Add the fresh thyme, crushed cloves of garlic and a couple of pats of butter.

Let the thyme and garlic fry in the butter, which will create a basting liquid.
Spoon said liquid over the skin of the bird to flavor and brown it. If there’s not enough fat in the pan add more butter. Should sizzle when poured back over the bird.

Baste bird for five minutes, remove from the pan and let it rest for at least 10 minutes before carving.
Enjoy with friends, family and a dog.

Loved ones, a hardy pot, salt, butter, and a chicken. The five most essential items inChef David C. Felton’s kitchen. No matter the season or place, all five of his listed items one can easily find in one’s own life or kitchen. We don’t need a million fancy kitchen tools, five sets of pans, or a grocery store in the pantry. There’s plenty of complication in life as is, why not allow the timeless act of cooking and sharing food be simple?

To learn even more from Chef David C. Felton, or to taste his delectable cuisine in person, visit us at Ninety Acres at Natirar in the rolling hills of Somerset County, New Jersey.

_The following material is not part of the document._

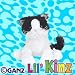 Webkinz Collectible Lil'Kinz Mini Plush Stuffed Animals Black & White Cat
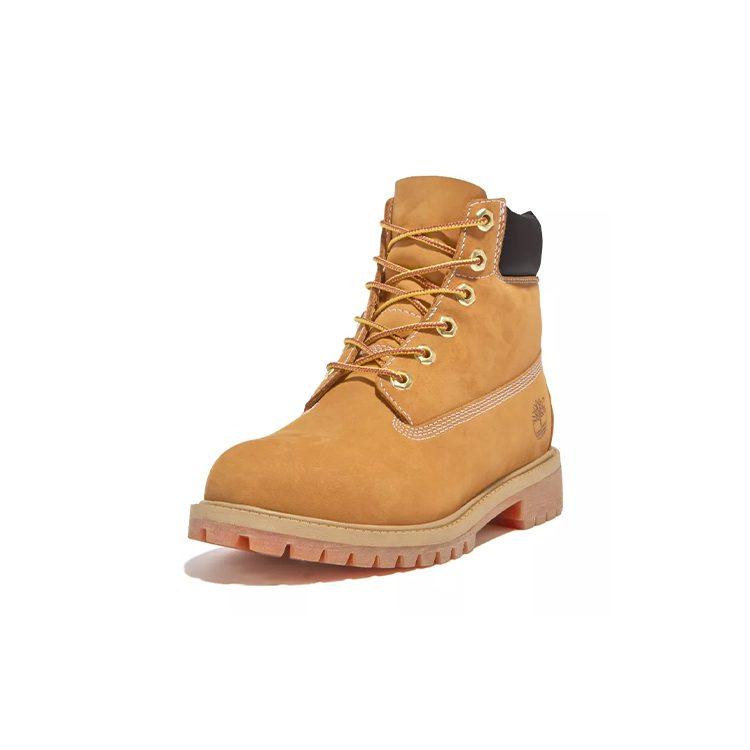 Timberland 6-дюймовая премиальная молодежная 'Пшеничная' 12909M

About Chef David C. Felton

Born in Brent, England in 1976, David C. Felton knew at a young age that a passion for food and cooking would be his calling. As a young child, David was always in the kitchen helping out with whatever he could, even if for a few short seconds. After graduation from Johnson & Wales, Chef David C. Felton traveled around the U.S. on a culinary expedition which included a stint as a teacher at a small culinary school, The Natural Gourmet Institute of Health and Culinary Arts. Eventually, Chef David C. Felton discovered Natirar. As soon as David heard about Natirar, he started campaigning for the executive chef position. To not only serve food farm to table, but to have a farm at the table was this young chefs’ dream, and he knew he was the right person for the job. With 14 acres of farm with livestock and produce growing steps away from his Ninety Acres kitchen, David is ready to put his personal food philosophy to the test. New Jersey has an abundance of products available to him and what he cannot raise or grow himself he will purchase from other farmers in the area. Sweet dreams are made of this.